■ **Task description**
Copy exactly the stretch of data below from the line with "Phone case with" through the line with "TNCH00410 TNR Stainless", including both of those lines.
[[ Data to examine open ]]
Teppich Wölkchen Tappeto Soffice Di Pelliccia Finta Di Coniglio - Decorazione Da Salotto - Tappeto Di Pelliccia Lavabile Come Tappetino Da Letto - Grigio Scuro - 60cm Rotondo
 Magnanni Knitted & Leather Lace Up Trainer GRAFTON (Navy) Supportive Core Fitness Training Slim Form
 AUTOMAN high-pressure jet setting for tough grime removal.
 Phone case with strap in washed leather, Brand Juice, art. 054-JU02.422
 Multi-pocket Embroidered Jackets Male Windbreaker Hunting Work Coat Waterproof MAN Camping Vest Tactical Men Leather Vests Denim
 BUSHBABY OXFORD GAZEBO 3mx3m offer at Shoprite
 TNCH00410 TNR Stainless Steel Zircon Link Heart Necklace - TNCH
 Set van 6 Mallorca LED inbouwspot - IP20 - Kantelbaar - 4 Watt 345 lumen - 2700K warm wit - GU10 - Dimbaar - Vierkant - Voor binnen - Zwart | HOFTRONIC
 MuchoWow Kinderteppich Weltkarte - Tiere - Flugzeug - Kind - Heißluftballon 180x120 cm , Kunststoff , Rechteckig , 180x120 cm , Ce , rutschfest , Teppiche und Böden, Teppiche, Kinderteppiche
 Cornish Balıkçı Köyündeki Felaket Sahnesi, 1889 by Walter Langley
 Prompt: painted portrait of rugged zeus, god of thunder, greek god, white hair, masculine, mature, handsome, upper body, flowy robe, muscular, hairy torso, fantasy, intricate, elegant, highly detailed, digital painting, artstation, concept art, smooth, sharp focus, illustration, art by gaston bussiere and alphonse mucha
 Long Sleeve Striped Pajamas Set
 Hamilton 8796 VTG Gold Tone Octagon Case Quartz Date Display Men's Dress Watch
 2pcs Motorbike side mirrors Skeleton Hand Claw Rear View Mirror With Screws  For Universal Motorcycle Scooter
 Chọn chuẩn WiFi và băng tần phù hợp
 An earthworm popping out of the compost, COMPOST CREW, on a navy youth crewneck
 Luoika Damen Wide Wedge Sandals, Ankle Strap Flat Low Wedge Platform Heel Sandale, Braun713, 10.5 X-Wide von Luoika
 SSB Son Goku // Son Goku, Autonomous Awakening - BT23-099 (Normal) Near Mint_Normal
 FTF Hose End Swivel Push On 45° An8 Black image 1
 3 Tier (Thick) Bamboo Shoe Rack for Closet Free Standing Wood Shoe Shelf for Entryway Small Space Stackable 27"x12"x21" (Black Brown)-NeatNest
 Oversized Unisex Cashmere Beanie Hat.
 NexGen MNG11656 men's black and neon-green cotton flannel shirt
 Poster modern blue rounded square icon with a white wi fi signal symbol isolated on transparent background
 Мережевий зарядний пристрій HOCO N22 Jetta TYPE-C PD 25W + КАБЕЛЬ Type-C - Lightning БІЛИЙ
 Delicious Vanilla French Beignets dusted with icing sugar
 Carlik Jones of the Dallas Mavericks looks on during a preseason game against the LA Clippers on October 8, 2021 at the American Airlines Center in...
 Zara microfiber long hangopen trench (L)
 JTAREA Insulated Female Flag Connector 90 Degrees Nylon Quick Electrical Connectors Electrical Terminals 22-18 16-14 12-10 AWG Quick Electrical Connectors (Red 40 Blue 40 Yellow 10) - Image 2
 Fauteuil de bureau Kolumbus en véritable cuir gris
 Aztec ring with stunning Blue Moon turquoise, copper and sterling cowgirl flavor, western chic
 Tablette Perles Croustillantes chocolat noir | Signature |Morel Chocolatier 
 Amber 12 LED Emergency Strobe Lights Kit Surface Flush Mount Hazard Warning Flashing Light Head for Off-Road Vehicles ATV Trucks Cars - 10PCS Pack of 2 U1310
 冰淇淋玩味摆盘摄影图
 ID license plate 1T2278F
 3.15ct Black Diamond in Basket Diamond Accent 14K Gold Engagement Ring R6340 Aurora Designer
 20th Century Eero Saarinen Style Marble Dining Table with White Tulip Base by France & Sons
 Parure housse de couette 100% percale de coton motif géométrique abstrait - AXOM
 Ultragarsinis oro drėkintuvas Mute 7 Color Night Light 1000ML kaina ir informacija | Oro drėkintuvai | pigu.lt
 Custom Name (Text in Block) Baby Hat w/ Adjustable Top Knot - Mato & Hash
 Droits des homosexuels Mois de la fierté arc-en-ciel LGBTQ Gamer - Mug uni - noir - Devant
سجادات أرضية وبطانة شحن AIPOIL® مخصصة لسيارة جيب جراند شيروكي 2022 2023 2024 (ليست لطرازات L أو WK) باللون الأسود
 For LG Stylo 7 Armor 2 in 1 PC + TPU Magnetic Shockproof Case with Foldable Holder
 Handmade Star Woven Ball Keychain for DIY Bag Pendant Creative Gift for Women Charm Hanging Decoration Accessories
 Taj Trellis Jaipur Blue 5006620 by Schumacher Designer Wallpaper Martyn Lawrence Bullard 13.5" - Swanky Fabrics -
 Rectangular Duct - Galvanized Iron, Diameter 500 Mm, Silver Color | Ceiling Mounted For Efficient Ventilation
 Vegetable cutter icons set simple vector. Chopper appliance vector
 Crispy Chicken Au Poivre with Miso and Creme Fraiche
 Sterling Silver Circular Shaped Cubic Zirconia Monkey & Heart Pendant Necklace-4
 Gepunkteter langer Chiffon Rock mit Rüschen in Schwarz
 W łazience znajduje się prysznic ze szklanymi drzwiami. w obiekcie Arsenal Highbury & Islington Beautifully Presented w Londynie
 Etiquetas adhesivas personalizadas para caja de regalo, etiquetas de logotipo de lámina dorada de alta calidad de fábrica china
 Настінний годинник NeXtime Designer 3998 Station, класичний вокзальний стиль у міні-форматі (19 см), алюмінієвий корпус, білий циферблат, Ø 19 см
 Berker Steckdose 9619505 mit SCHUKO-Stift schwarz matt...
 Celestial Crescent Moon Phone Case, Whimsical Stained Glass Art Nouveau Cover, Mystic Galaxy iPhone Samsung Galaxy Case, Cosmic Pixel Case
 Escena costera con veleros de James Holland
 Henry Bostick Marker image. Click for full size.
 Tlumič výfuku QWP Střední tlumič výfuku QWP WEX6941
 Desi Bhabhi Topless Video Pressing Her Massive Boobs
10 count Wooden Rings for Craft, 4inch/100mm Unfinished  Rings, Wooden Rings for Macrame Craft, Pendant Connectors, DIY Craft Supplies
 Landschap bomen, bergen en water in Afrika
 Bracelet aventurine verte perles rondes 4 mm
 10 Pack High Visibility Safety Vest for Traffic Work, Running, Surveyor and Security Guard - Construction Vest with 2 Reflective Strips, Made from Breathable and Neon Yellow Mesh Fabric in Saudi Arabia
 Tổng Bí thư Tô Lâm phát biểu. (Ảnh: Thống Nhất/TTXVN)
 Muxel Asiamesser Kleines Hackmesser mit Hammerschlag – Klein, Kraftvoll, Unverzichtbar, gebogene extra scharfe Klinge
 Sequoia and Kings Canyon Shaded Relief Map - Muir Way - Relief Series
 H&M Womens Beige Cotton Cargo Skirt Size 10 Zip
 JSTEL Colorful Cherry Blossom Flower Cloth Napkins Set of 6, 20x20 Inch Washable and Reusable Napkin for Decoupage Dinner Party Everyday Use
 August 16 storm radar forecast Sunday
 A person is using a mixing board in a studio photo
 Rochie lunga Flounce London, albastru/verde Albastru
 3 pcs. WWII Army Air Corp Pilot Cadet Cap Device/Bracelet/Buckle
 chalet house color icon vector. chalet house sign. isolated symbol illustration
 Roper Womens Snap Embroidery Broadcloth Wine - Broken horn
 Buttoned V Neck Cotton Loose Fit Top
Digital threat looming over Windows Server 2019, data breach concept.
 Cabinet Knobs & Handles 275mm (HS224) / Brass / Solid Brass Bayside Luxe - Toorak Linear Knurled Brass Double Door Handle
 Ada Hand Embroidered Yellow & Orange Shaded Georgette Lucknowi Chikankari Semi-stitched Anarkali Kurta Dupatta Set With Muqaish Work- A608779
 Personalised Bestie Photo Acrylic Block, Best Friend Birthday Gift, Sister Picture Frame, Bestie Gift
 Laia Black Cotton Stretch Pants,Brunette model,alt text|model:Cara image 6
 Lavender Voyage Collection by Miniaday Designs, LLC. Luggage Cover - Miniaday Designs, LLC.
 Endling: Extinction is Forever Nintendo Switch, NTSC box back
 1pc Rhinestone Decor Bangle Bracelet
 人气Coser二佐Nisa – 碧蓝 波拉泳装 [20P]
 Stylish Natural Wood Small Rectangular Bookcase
[[ Data to examine closed ]]
■ **Output for this task**
 Phone case with strap in washed leather, Brand Juice, art. 054-JU02.422
 Multi-pocket Embroidered Jackets Male Windbreaker Hunting Work Coat Waterproof MAN Camping Vest Tactical Men Leather Vests Denim
 BUSHBABY OXFORD GAZEBO 3mx3m offer at Shoprite
 TNCH00410 TNR Stainless Steel Zircon Link Heart Necklace - TNCH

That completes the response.